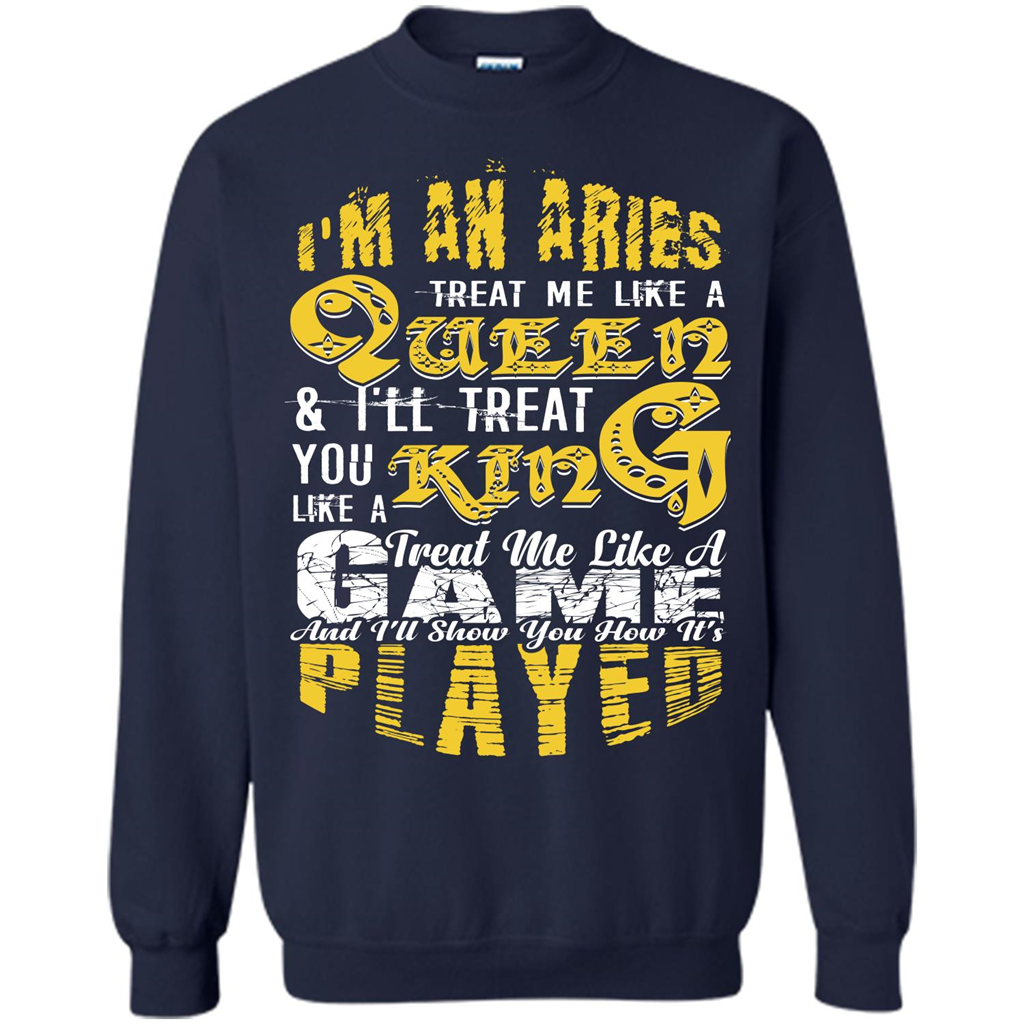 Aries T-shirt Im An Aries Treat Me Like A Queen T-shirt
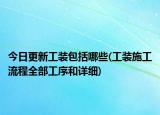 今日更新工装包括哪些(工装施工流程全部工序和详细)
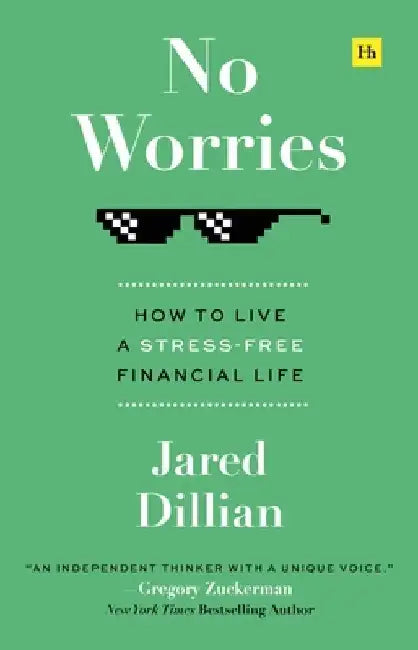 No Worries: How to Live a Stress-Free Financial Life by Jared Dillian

→ **REQUIRED ACTION**
The listing is to be repeated word for word, with all pictures omitted.

→ **SOLUTION FOR THIS TASK**
 Aries T-shirt Im An Aries Treat Me Like A Queen T-shirt
 今日更新工装包括哪些(工装施工流程全部工序和详细)
 No Worries: How to Live a Stress-Free Financial Life by Jared Dillian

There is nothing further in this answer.